57. En application de l'article L. 1235-5 du code du travail, dans sa rédaction antérieure à l'ordonnance n° 2017-1387 du 22 septembre 2017 applicable au litige, M. [I] peut prétendre à une indemnité pour licenciement abusif correspondant au préjudice subi, la société GTI employant moins de 11 salariés.
L'appelant ne produit aucune pièce de nature à justifier l'étendue de son préjudice.
Au regard de son ancienneté dans l'entreprise, de son âge, des activités qu'il exerce par ailleurs dans le cadre de sa société, la cour estime son préjudice découlant de la rupture de son contrat de travail à la somme de 30 000 euros.
58. La demande de dommages et intérêts pour préjudice moral et de réputation sera rejetée, l'appelant n'apportant aucune preuve du préjudice qu'il allègue.
59.Les créances de M. [I], nées antérieurement au jugement prononçant le redressement judiciaire de la société GTI, seront fixées au passif de la société.

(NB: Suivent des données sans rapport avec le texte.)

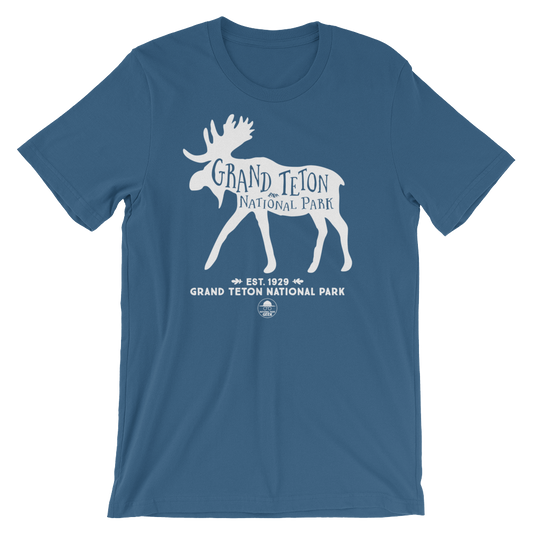Grand Teton National Park Geek T-Shirt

Sur la demande du salarié de régularisation des cotisations auprès de la caisse des cadres
60. La société intimée produit l'attestation de son expert-comptable (pièce SS) qui indique que la société est à jour du règlement des cotisations dues à la caisse de retraite des cadres pour MM. [V] et [I], les régularisations ayant été effectuées le 15 août 2017.

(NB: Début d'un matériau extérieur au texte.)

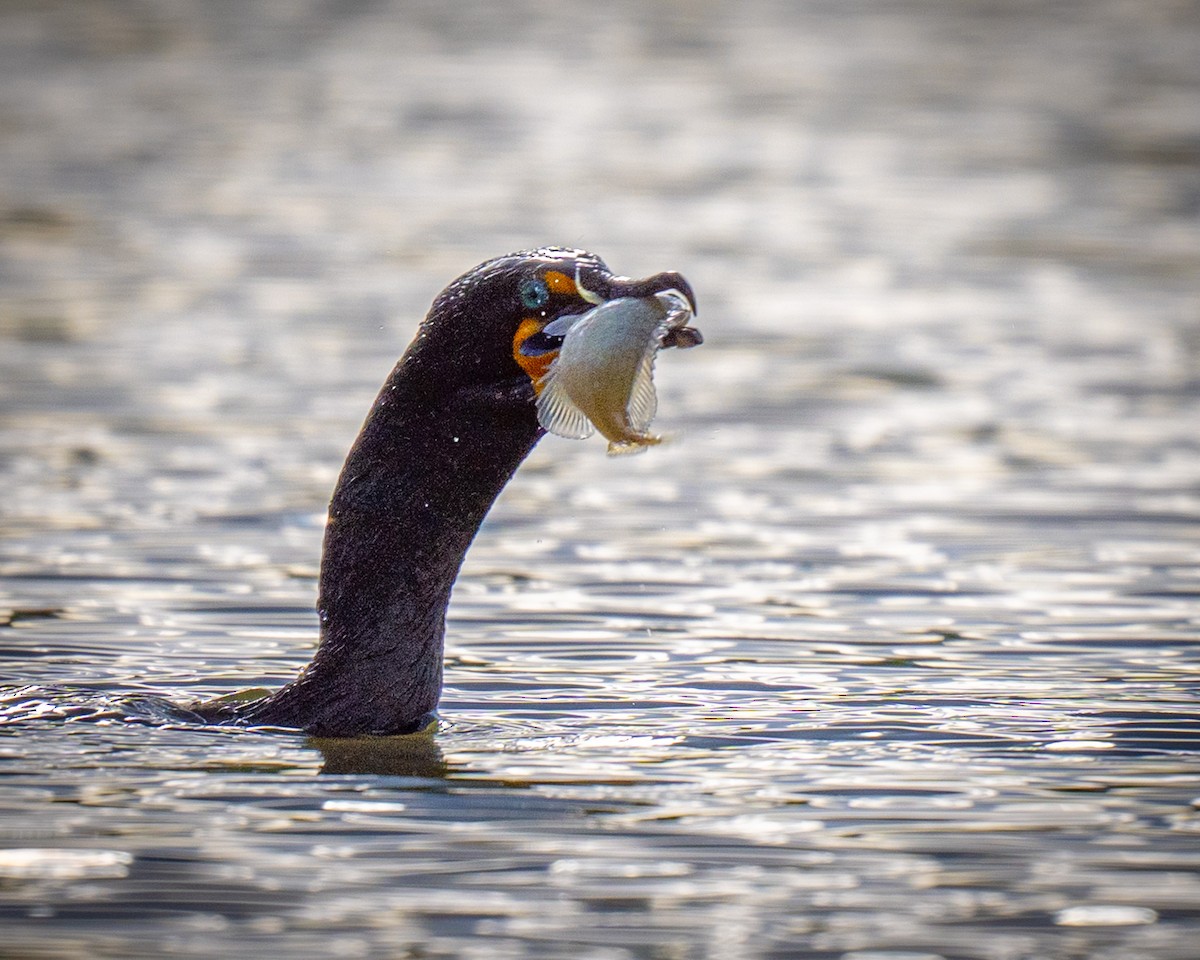 Double-crested Cormorant - ML636170911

Elle produit également le bulletin de paie du salarié du mois de juillet 2017 mentionnant les cotisations régularisées.
Réponse de la cour
61.La demande formulée par M. [I] n'est dès lors pas fondée, et le jugement déféré qui l'a rejetée sera confirmé.
Sur les autres demandes
62. Il n'y a pas lieu de mettre hors de cause la SCP Silvestri-Bauget en sa qualité de commissaire à l'exécution du plan dans la mesure où aucune demande n'est formulée à son encontre.

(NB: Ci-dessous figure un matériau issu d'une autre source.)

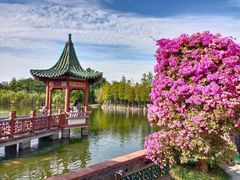 -东莞市可园博物馆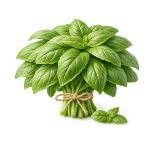 Базилік (пучок)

63. Les dépens de l'instance seront fixés au passif de la société GTI, partie perdante et il sera alloué à M. [I] la somme de 3 000 euros au titre des frais irrépétibles qu'il a engagés, sa créance, née antérieurement au jugement d'ouverture du redressement judiciaire, devant être fixée au passif de la société GTI qui ne peut être condamnée à son paiement.
64. Le présent arrêt sera déclaré opposable à l'AGS-CGEA de [Localité 7], dans les limites de sa garantie prévues aux articles L. 3253-8 et L. 3253-17 du code du travail, laquelle ne couvre pas les dépens et l'indemnité allouée au titre de l'article 700 du code de procédure civile.
PAR CES MOTIFS,
La cour,
Se déclare valablement saisie,
Déclare recevables les demandes de M. [I],
Dit n'y avoir lieu à surseoir à statuer,
Confirme le jugement déféré sauf en ce qu'il a dit que le licenciement de M. [I] repose sur une faute grave, l'a débouté de ses demandes de rappel de salaire au titre de la mise à pied conservatoire, d'indemnité compensatrice de préavis et de dommages et intérêts pour licenciement sans cause réelle et sérieuse, et a laissé à la charge de chacune des parties les dépens qu'elles ont exposés,
Statuant des chefs infirmés et y ajoutant,
Dit que le licenciement de M. [I] est sans cause réelle et sérieuse,
Fixe les créances de M. [I] au passif du redressement judiciaire de la société Groupe Triangle Investissements aux sommes suivantes :
- 3 153,32 euros brut à titre de rappel de salaire,
- 11 824,98 euros brut au titre de l'indemnité compensatrice de préavis,
- 30 000 euros à titre de dommages et intérêts pour licenciement sans cause réelle et sérieuse,
- 3 000 euros au titre de l'article 700 du code de procédure civile,
Fixe les dépens de l'instance au passif du redressement judiciaire de la société Groupe Triangle Investissements,
Déclare le présent arrêt opposable à l'Association Garantie des Salaires-CGEA de [Localité 7] dans la limite de sa garantie, laquelle exclut les dépens et l'indemnité de l'article 700 du code de procédure civile.
Signé par Sylvie Hylaire, présidente et par Evelyne Gombaud, greffier, auquel la minute de la décision a été remise par le magistrat signataire.